==== Data to use ====

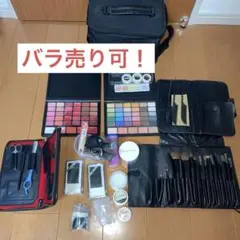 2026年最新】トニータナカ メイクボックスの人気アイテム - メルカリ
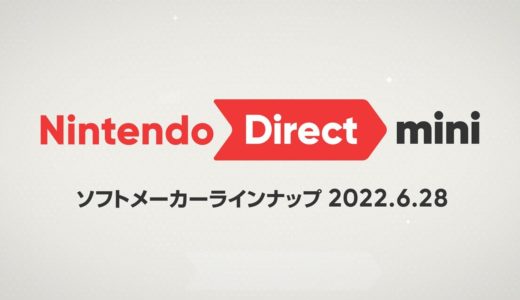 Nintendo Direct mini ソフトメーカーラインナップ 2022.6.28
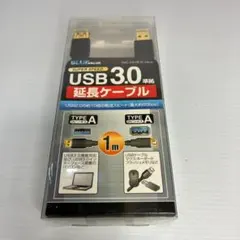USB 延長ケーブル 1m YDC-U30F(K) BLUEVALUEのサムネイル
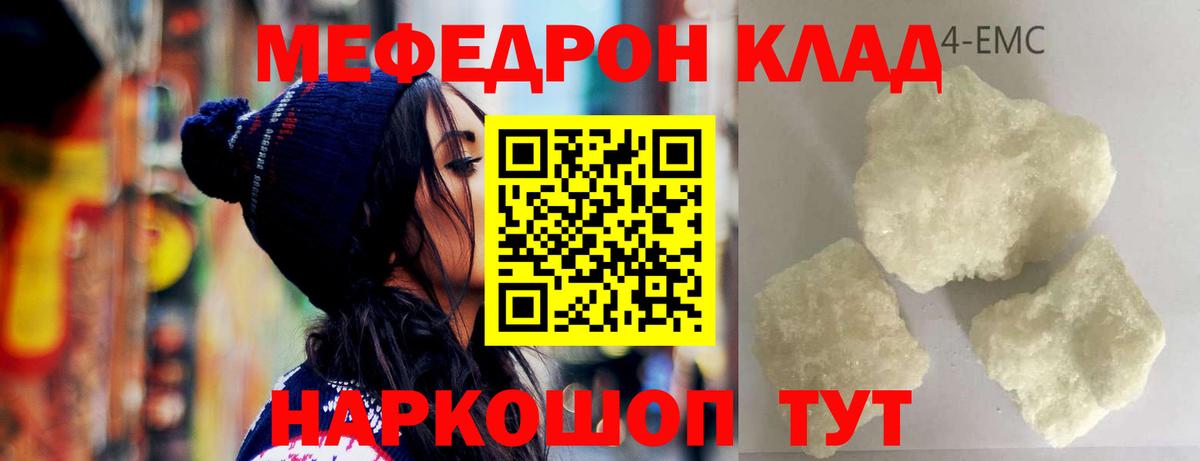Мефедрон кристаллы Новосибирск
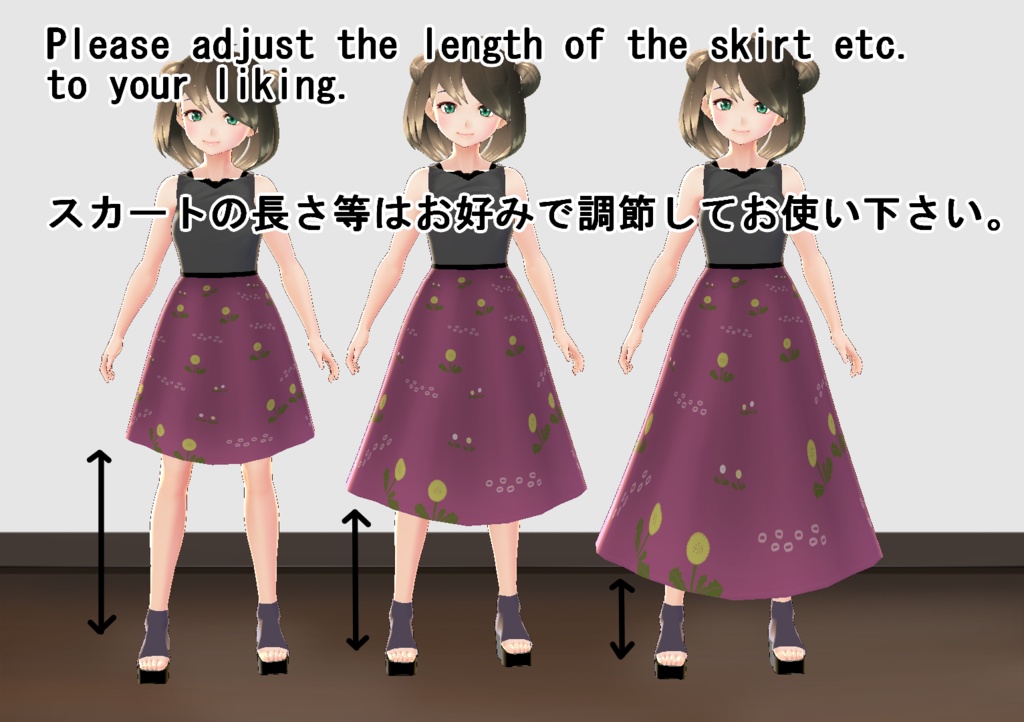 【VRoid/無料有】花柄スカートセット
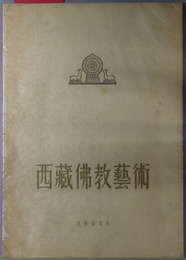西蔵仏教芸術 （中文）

====

What you have to do
Write out, exactly as they stand, the line with "USB 延長ケーブル 1m YDC-U30F(K) BLUEVALUEのサムネイル" and every line after it through the end of the entries above; omit the pictures.

Solution for this problem
USB 延長ケーブル 1m YDC-U30F(K) BLUEVALUEのサムネイル
Мефедрон кристаллы Новосибирск
 【VRoid/無料有】花柄スカートセット
西蔵仏教芸術 （中文）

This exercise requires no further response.